HOW TO COMPLETE THIS TASK >> Set down each line of the data exactly, but not the pictures.

SUPPLIED MATERIAL >>
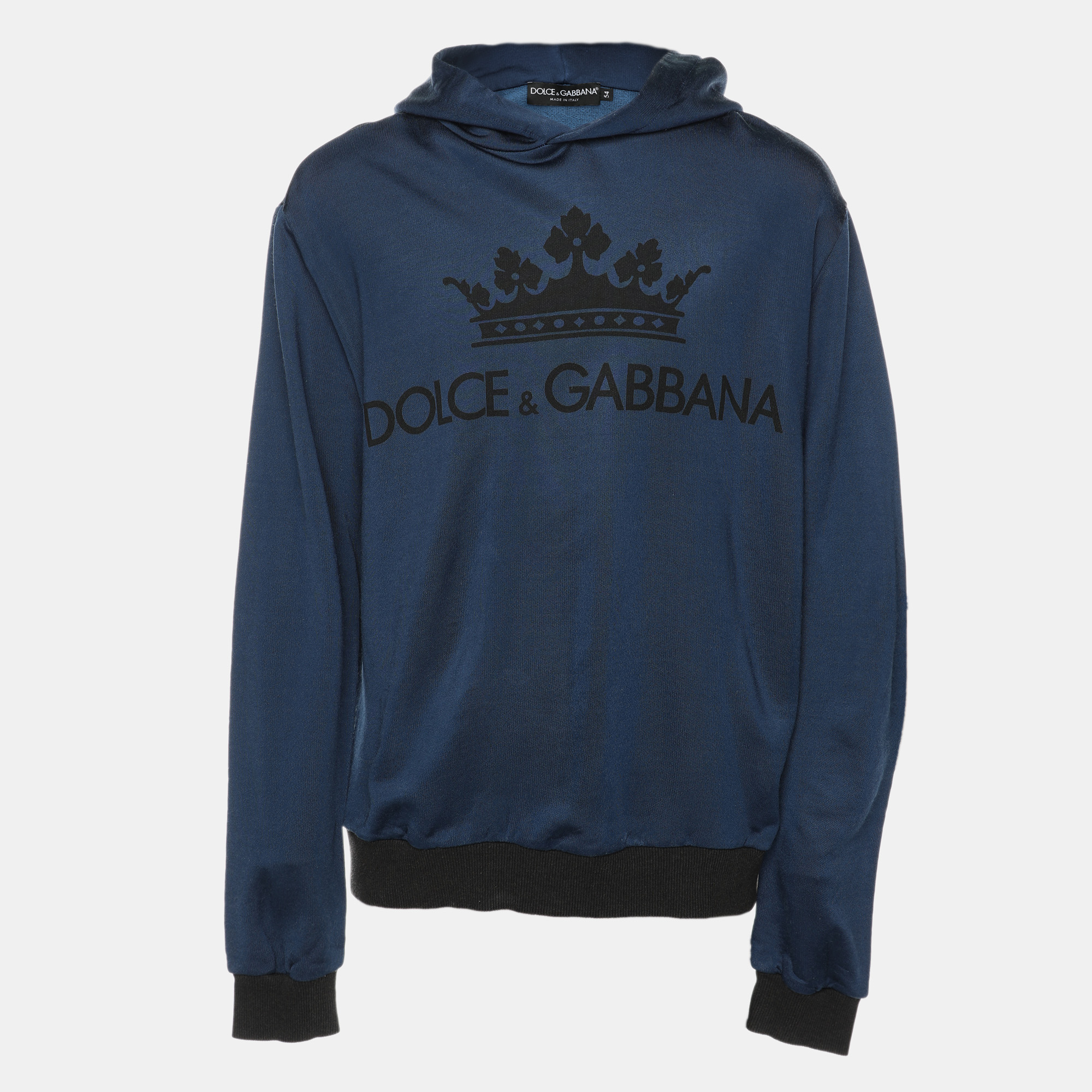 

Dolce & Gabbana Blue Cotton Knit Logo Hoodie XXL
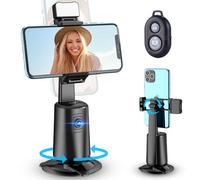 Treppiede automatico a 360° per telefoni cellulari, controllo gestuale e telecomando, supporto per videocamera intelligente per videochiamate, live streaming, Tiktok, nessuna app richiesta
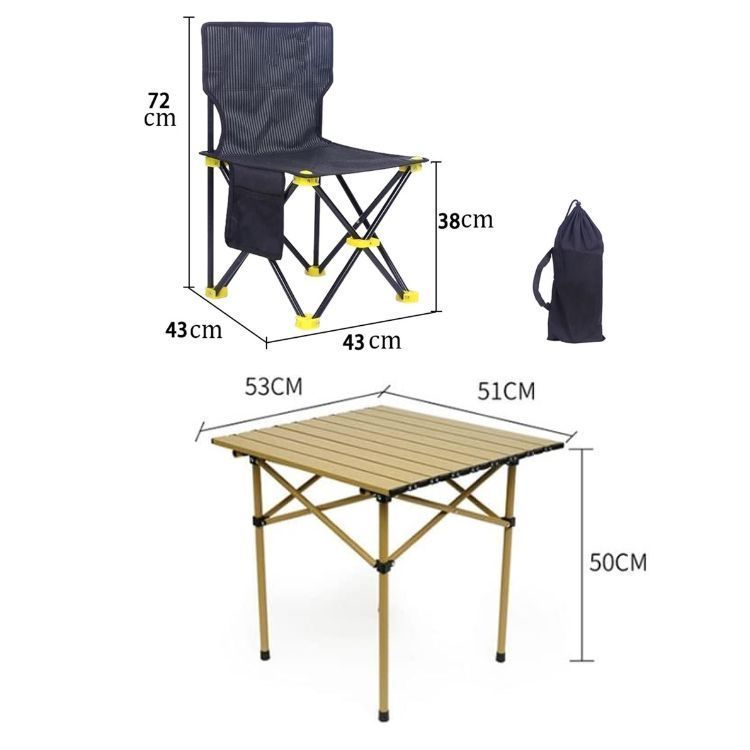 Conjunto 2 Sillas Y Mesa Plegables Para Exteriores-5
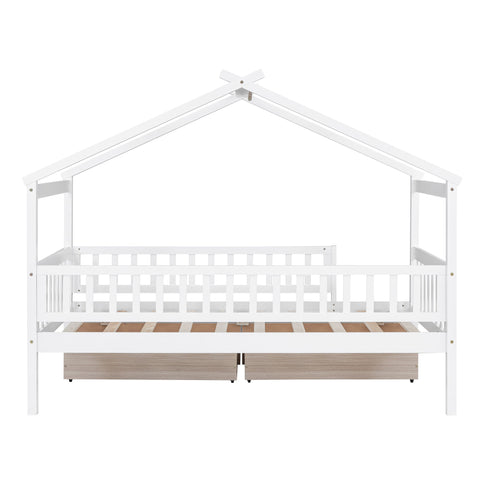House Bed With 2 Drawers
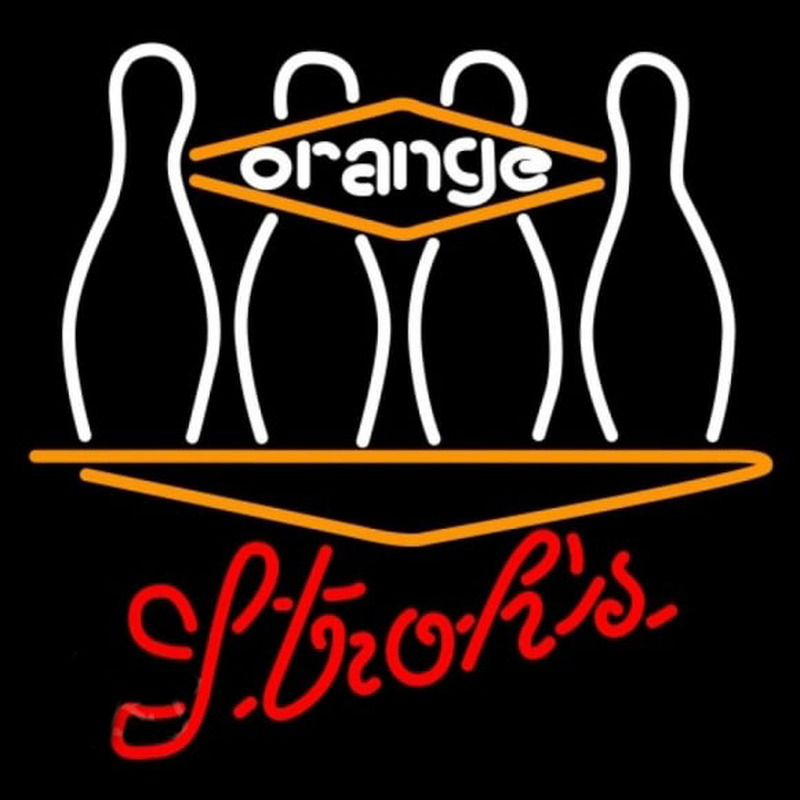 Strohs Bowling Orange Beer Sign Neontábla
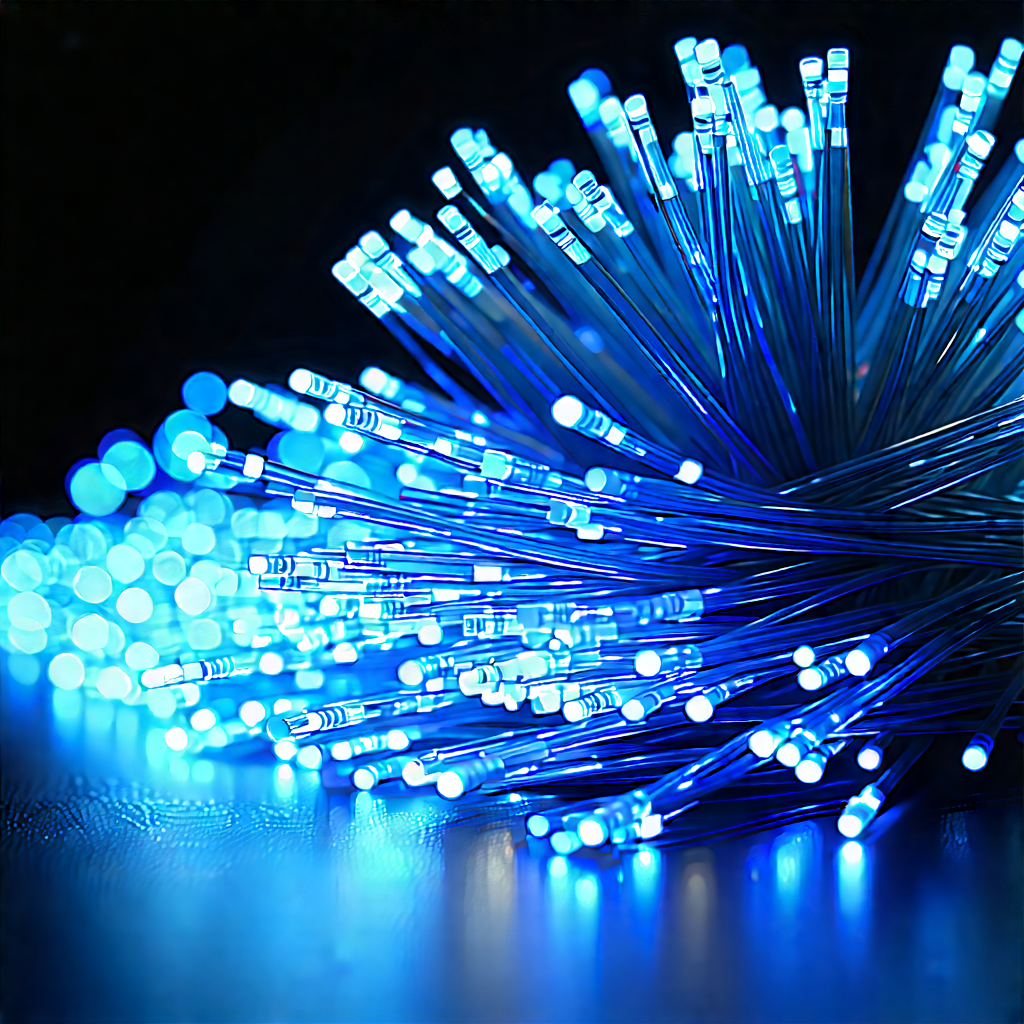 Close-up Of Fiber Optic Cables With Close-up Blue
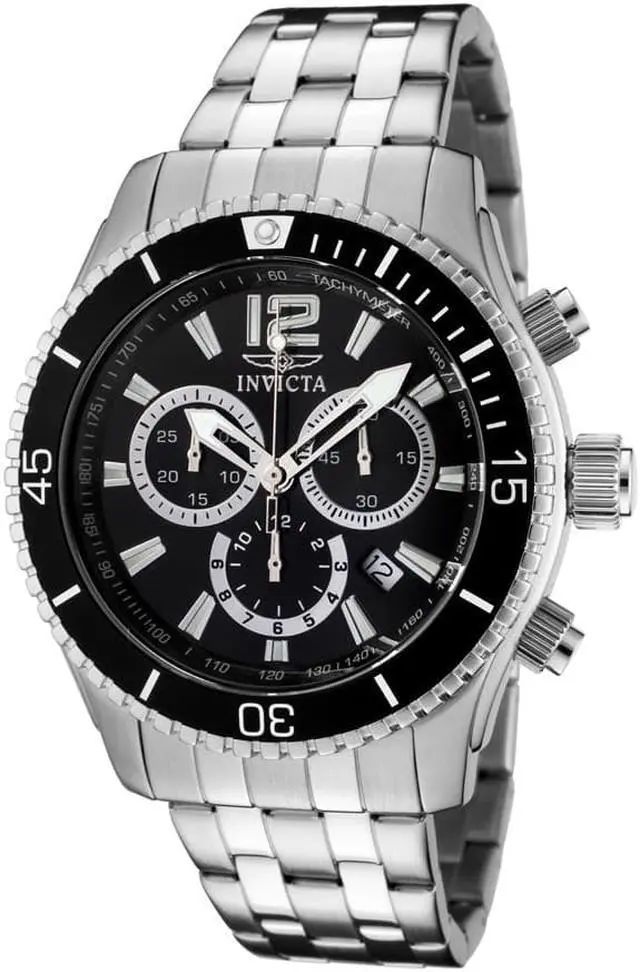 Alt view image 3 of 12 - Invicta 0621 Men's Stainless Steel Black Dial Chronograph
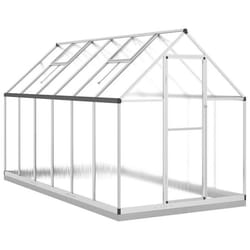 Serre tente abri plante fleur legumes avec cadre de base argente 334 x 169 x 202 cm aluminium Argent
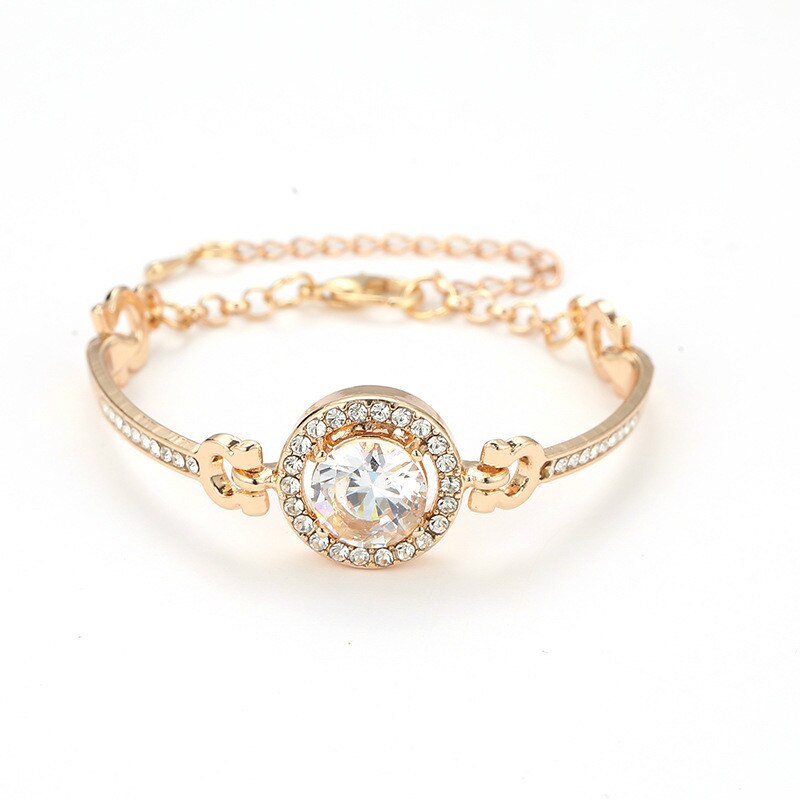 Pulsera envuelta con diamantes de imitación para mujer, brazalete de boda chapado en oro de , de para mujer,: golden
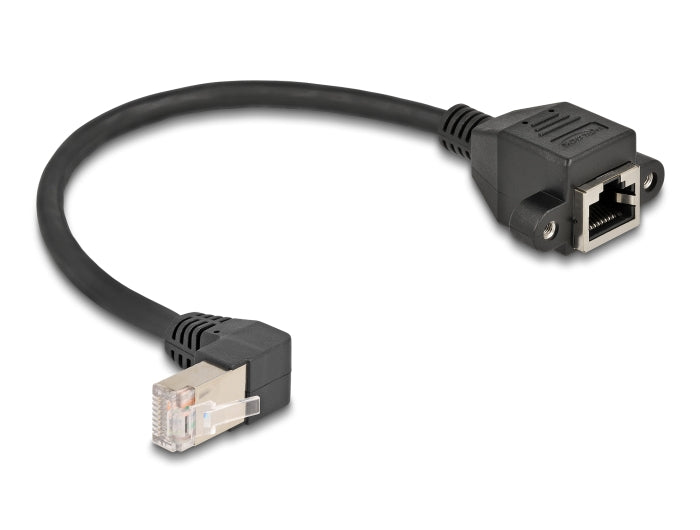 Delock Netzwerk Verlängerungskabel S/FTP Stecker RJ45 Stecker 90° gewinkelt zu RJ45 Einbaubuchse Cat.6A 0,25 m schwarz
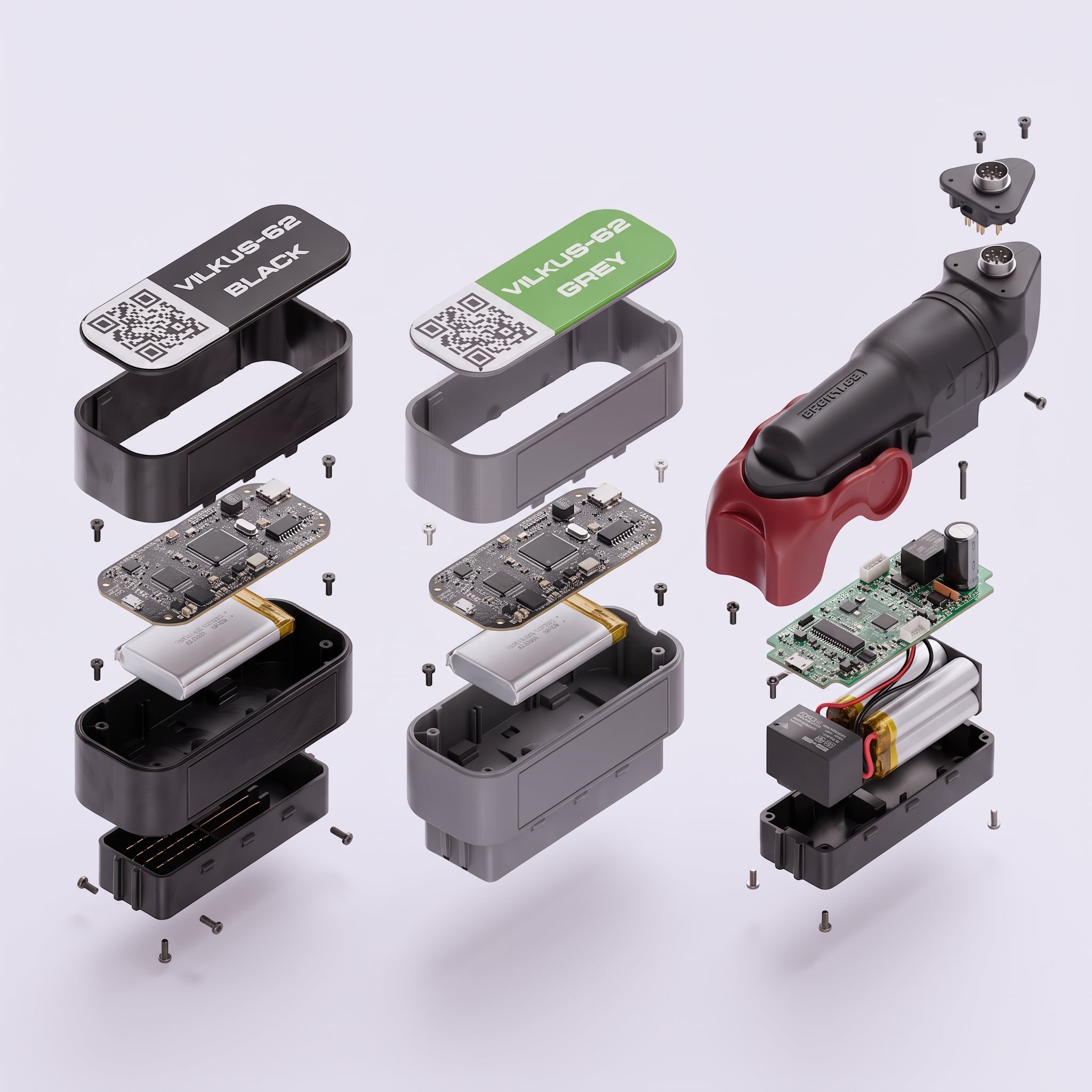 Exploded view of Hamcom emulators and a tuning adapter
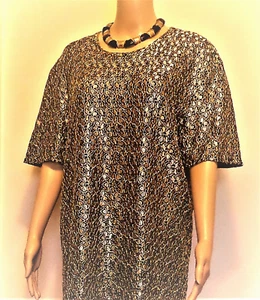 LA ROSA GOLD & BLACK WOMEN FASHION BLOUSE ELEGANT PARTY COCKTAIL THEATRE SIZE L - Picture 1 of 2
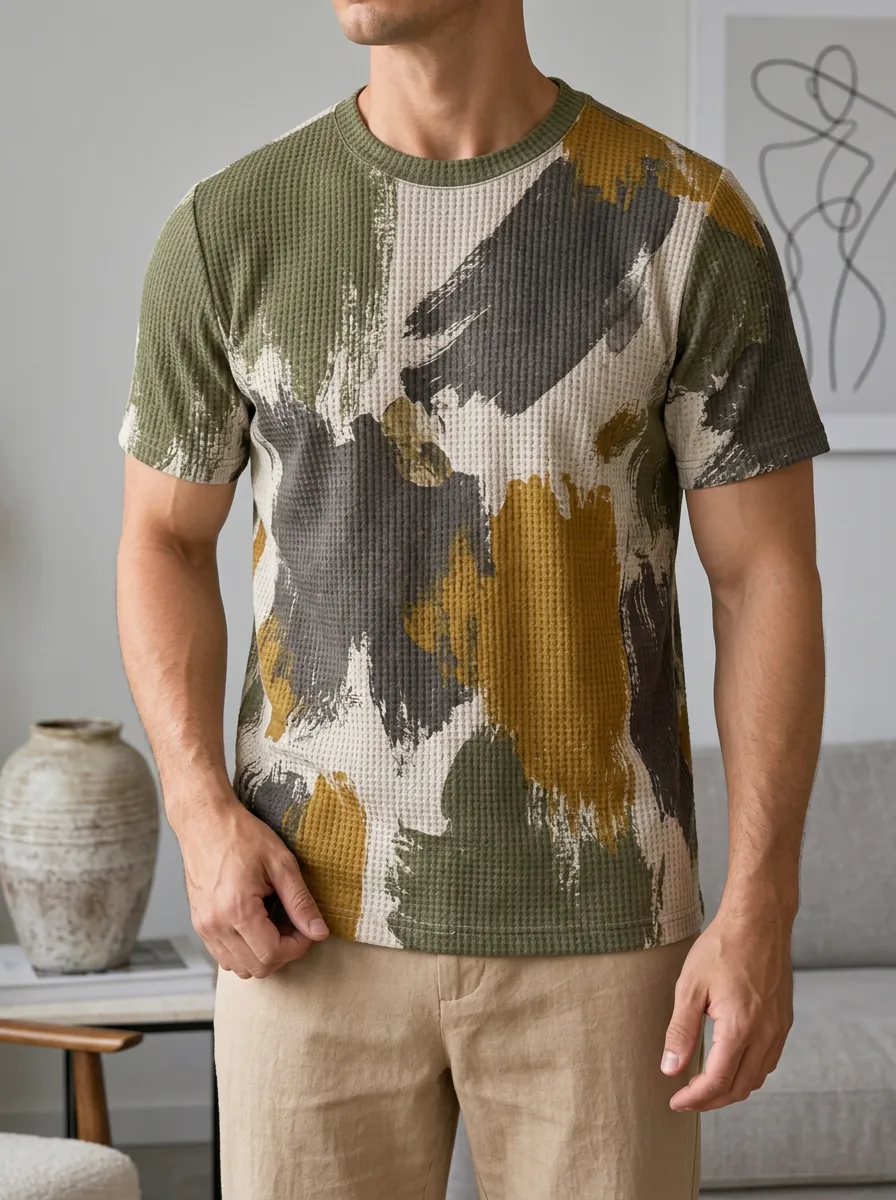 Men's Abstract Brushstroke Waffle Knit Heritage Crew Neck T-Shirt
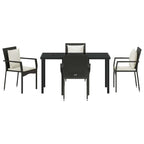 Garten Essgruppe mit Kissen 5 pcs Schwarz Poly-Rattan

RESPONSE >>
Dolce & Gabbana Blue Cotton Knit Logo Hoodie XXL
 Treppiede automatico a 360° per telefoni cellulari, controllo gestuale e telecomando, supporto per videocamera intelligente per videochiamate, live streaming, Tiktok, nessuna app richiesta
 Conjunto 2 Sillas Y Mesa Plegables Para Exteriores-5
House Bed With 2 Drawers
 Strohs Bowling Orange Beer Sign Neontábla
 Close-up Of Fiber Optic Cables With Close-up Blue
 Alt view image 3 of 12 - Invicta 0621 Men's Stainless Steel Black Dial Chronograph
 Serre tente abri plante fleur legumes avec cadre de base argente 334 x 169 x 202 cm aluminium Argent
 Pulsera envuelta con diamantes de imitación para mujer, brazalete de boda chapado en oro de , de para mujer,: golden
 Delock Netzwerk Verlängerungskabel S/FTP Stecker RJ45 Stecker 90° gewinkelt zu RJ45 Einbaubuchse Cat.6A 0,25 m schwarz
 Exploded view of Hamcom emulators and a tuning adapter
 LA ROSA GOLD & BLACK WOMEN FASHION BLOUSE ELEGANT PARTY COCKTAIL THEATRE SIZE L - Picture 1 of 2
 Men's Abstract Brushstroke Waffle Knit Heritage Crew Neck T-Shirt
 Garten Essgruppe mit Kissen 5 pcs Schwarz Poly-Rattan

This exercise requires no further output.